Slack x Atlas - Best Practices
Last updated March 3, 2024
Using Slack to talk to your customers can be a secret weapon. If you’re a B2B business, your customers are likely already using Slack, so it’s easy for them, which means you’ll get more frequent questions and feedback. It’s also less formal so they’ll ask smaller questions. All of this means that you’ll usually have better communication with customers through Slack than any other channel. However, it also means things can get a little messy.
This article will walk you through how to clean up your Slack Connect channels and set expectations so that you can maintain the benefits of using Slack while also keeping your house in order related to support.
Best practices
There are two things you should do when you start using ticketing with Slack Connect:
- set expectations with your customers
- coordinate how you will manage tickets with your team
Set expectations with your customers
Let your customers know that you’re going to start tracking their requests so you can respond faster and make sure you don’t lose any of their tickets.
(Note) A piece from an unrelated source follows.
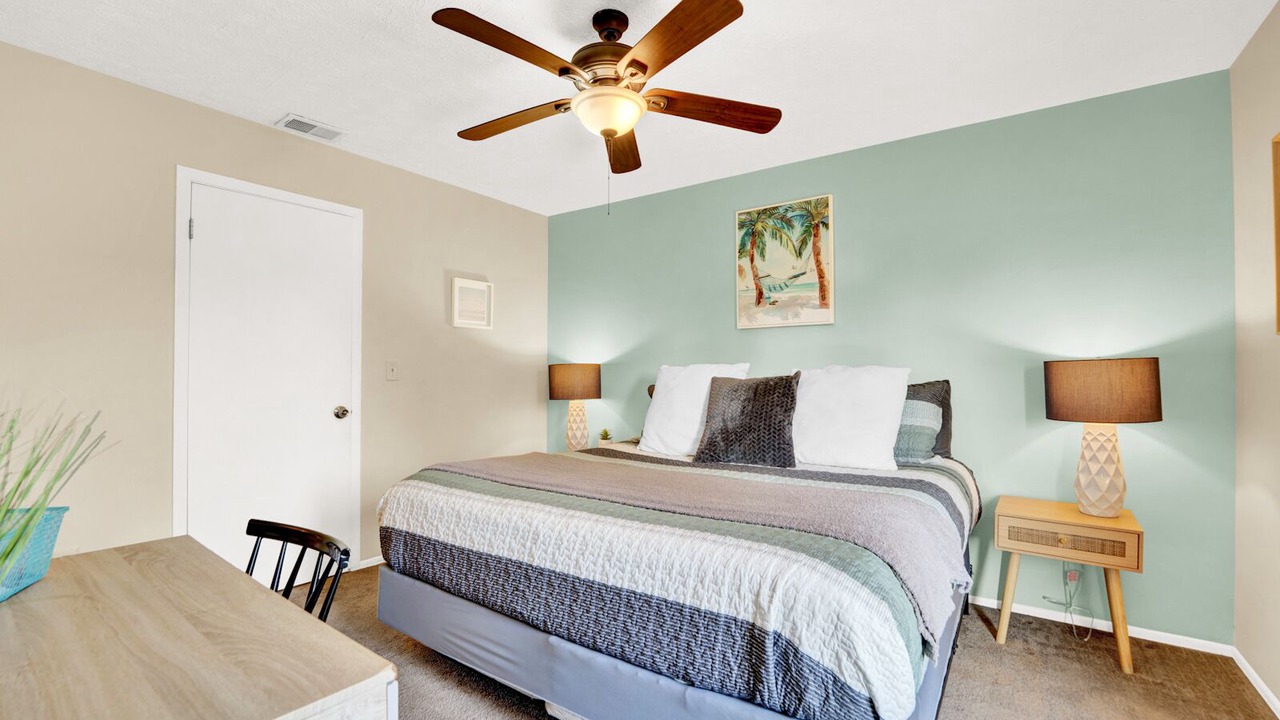 Photo of Bedroom in Lynn Haven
When you create a ticket, they’ll see a 🎫 emoji on the message a message like this in the thread:
Ask them to respond in the same thread to reply to that ticket .
Coordinate with your team
Make sure your team knows how to create, manage, and coordinate on tickets in Slack Connect channels. Below are some of the items you should discuss with them.
who responds and how
There are two routes you can take here:
- option 1: first agent to respond self-assigns, escalates as needed
- option 2: assign channels per agent
For smaller teams (eg, 5 or fewer agents), we’d recommend option 1 so that you can make sure someone on your team is giving a response even when an agent is out of office, in a call, etc.
In both cases, agents should respond to customers with direct answers when they can and only create tickets if the answer requires additional work, for instance:
- reviewing the customer’s timeline,
- performing a manual task (eg, changing the customer’s plan or something on their account), or
- an outside team’s involvement (eg, fixing a bug or building a feature)
setting priority
When creating a ticket, it’s important to set the priority of the ticket so that anyone viewing the ticket in the future (including yourself) knows whether to address it before another ticket and has a relative timeframe in which it needs to be solved.
We recommend using the following scale for priorities:
- Urgent: should be solved ASAP (<4 hrs)
- High: should be solved within a day (4-24 hrs)
- Medium: should be solved within a week (1-5 days)
- Low: should be solved within a month (1-4 wks)
discussing tickets in the triage channel
When a ticket requires outside help or discussion among your team, it’s important to keep the conversation related to it centralized within the ticket for better documentation and for getting team members up to speed.
There are two ways you can do this:
- Atlas web app: set the composer to “Internal note” and write messages here, mentioning teammates as needed.
- Slack triage channel: respond in the ticket thread in the channel you’ve designated as your support triage channel. All of these messages (unless prepended with “@Atlas” will be saved as internal notes).
assigning tickets to teammates
The default when creating a ticket should be to assign yourself, unless you know another teammate is better equipped. In this case, it’s useful to also @mention your teammate within an internal note as well.
tagging tickets
After you’ve responded to a ticket and assigned it to a teammate (or yourself), the next step is tagging the ticket. This helps you understand and categorize your tickets much more easily in the future so that you can understand how to best improve your product and support practices.
setting response times
Customers usually expect fairly quick response times in Slack (on the order of hours). It’s best to make sure multiple of your teammates have been invited to your customer Slack Connect channels so that you can do this.
In addition, if a message has been converted to a ticket, you can set response time reminders using SLAs so that the person responsible for the ticket and/or a manager is notified in Slack when the response time has been too long.
creating tickets for your engineering team
When a customer runs into a bug, it’s time to get your engineering team involved. In this situation, you should link your ticket to a new or existing Linear or Jira issue. Once you’ve clarified the problem with your engineering team, ask them for a timeline and let your customer know so that they know what to expect for a turnaround. Then, snooze the ticket until that time has come. If the bug is fixed sooner, then the ticket will automatically be moved back to Open and you’ll be notified. Otherwise, it’s a good idea to remind your engineering team and get a new timeline for your customer.